To obtain meaningful empirical results, it was necessary to conduct a series of experiments under different playing conditions. Each enhancement was tested against a variety of opponents having different styles. Experiments were designed with built-in standards for comparison, such as playing one particular version against the identical program with a single enhancement to isolate the dependent variable. For each test, the number of games were chosen to produce statistically significant results. Many experiments were performed to establish reliable results, and only a cross-section of those tests are presented here. For instance, over a dozen experiments were conducted to measure any performance gains achieved with the addition of the extra arc from OPP Final to BPP Final alone.
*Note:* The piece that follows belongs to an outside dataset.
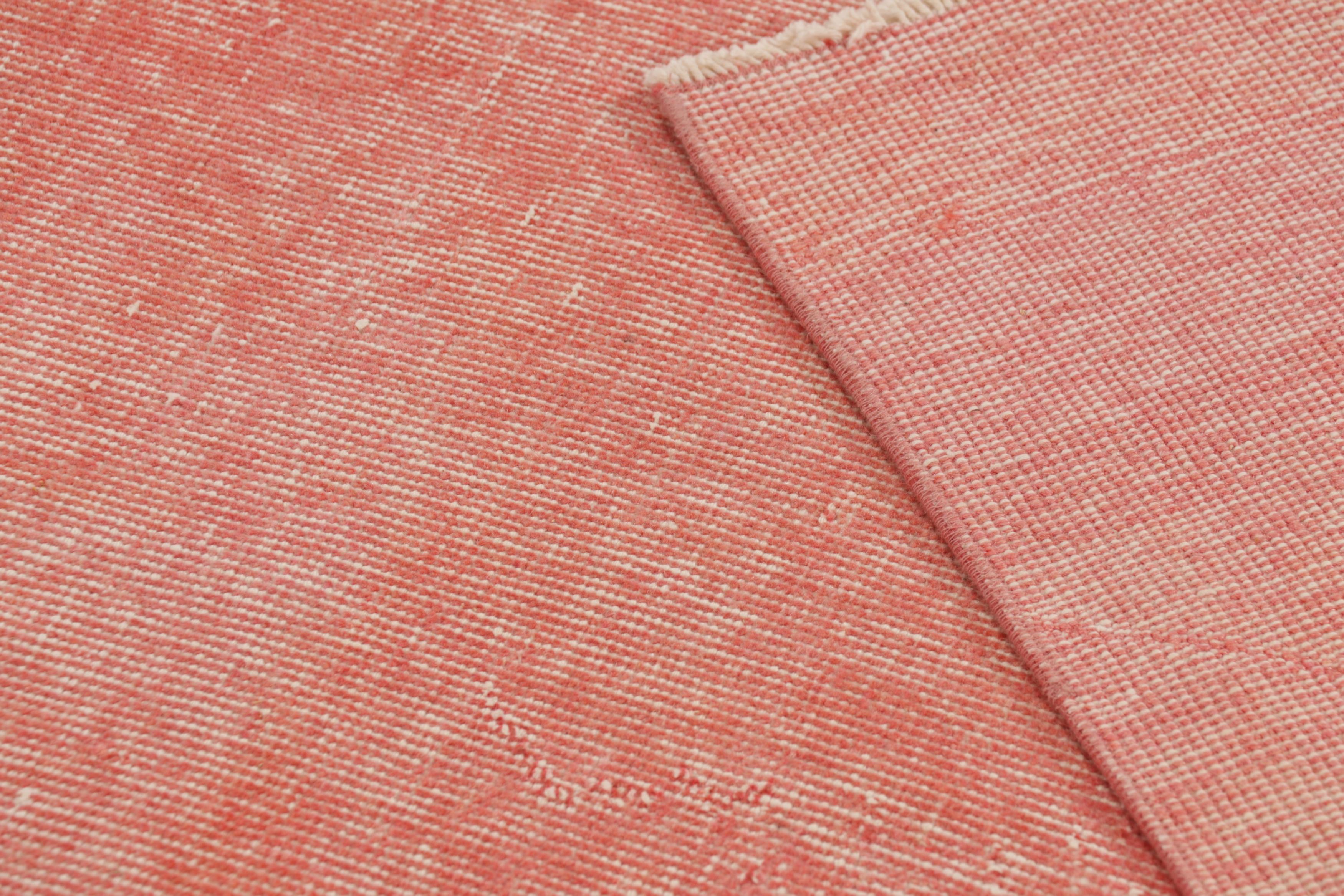 Vintage Distressed Runner Rug, einfarbig in Rosa und Beige - Rug & Kilim im Angebot 1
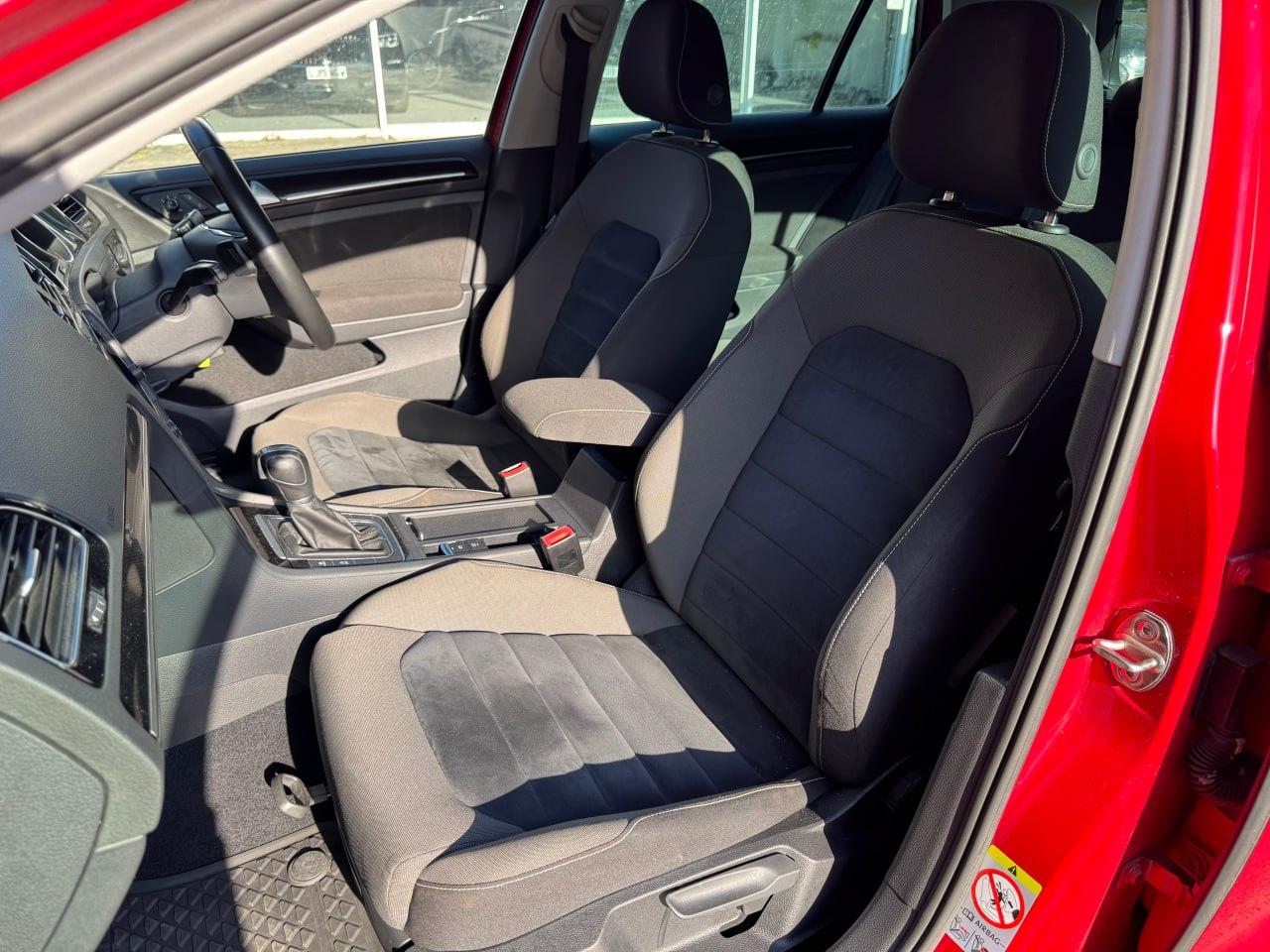 Volkswagen Golf 2.0 TDI BlueMotion Tech GT Hatchback 5dr Diesel DSG Euro 5 (s/s) (150 ps)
Throughout the experiments, to allow us to make comparable inferences about the relative merits of each feature, the original Bayesian Poker Player was used as a baseline when assessing the number of betting units won per game. This method can give a preliminary indication of the relative value of the new enhancement, however, one must be careful when drawing conclusions from self-play experiments. It is important to not over-interpret the results of one simulation. With the above format, there are limitations to how much can be concluded from a single experiment, since it is representative of only one particular type of game and style of opponent. It is quite possible that the same feature will perform much worse (or much better) in a game against human opposition, for example.
A wider variety of testing is necessary to get an accurate assessment of the new feature, such as changing the context of the simulated game. However, most versions of BPP are very similar and have fairly similar playing styles. It is quite possible that the consequences of each change would be different against a field of opponents who employ different playing styles. For example, against several human players, the effect of refining the action classifications may be much bigger than that of refining the way hands are represented.
Ultimately, the only performance metric that is important is how BPP plays against humans. Since it was difficult (and expensive) to get this data, most of the experimentation were done with self-play tournaments.
One final important method of evaluation that is essential is the critique of experienced human players. Humans can review the play of the computer and determine if certain decisions are ``reasonable" under the circumstances, or are indicative of a serious weakness or misconception.